Broadening the scope to deals by companies of all sizes, a total of $13 billion worth of paper was doled out in 46 M&A deals in which the terms were outlined. On average, $283 million in equity was issued in each of those deals. Taking out the $4.9 billion stock acquisition of Centocor Inc. by Johnson & Johnson (JNJ, New Brunswick, N.J.), that average falls to $180 million.

Ten other M&A deals were done during the period for which terms were not disclosed. Assuming those deals were done for stock at the $283 million top run-rate, the $13 billion figure would increase to $16 billion, still less than 8 percent of the valuation gain by the top end of the sector.
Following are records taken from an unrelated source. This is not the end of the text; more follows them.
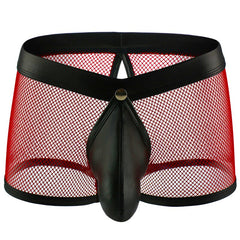 Kink Fun Mesh Boxer Briefs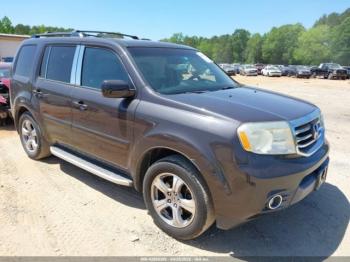  Salvage Honda Pilot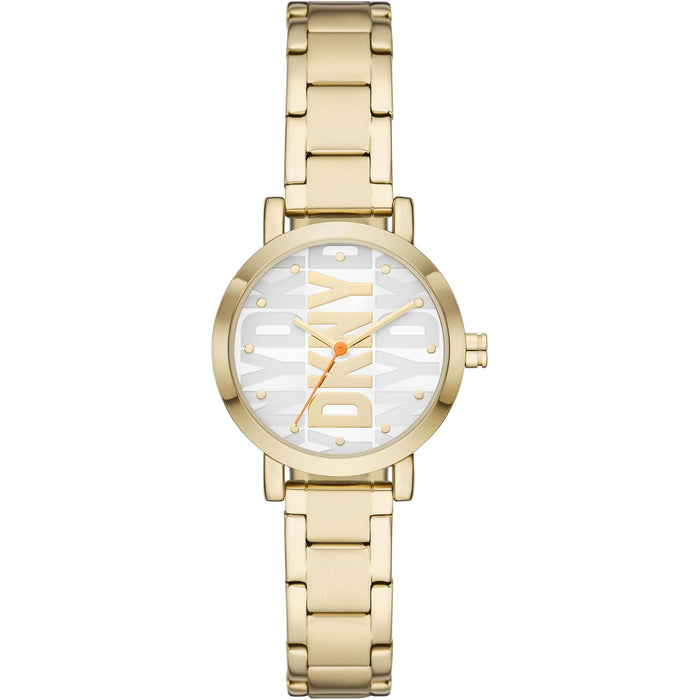 DKNY Women's Soho Silver Dial Watch - NY6647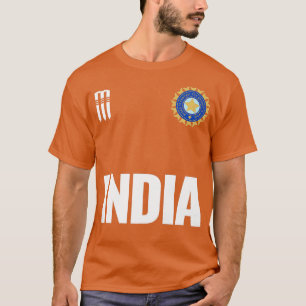 Indiska Cricket-supportrar Jersey India Cricket Fa T Shirt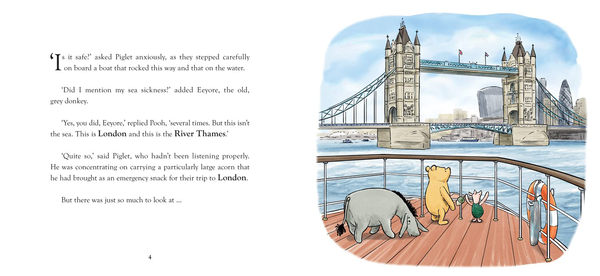 Бумажная книга «Winnie-the-Pooh Meets the King», автор Джейн Риордан - фото №1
But while the rise in stock prices has some watchers on Wall Street looking for a summer of M&A, others say that the record amount of cash also raised by the industry will defer the inevitable fire sale by marginal companies. And although deal-makers may hungrily see higher valuations as an opportunity to broker M&A, companies themselves find fault with that logic, saying that they do not base strategic decisions on stock value or pointing out that stock prices can fall just as quickly as they have risen.

The rationale for stock deals

Nevertheless, Deni Zodda, managing director and group head at KPMG Life Sciences, believes that high valuations combined with healthy cash reserves will drive M&A. "We expect companies with big market caps and big cash positions to be active because they have the right combination - the size to do a stock transaction and the cash to fund the operations," he said.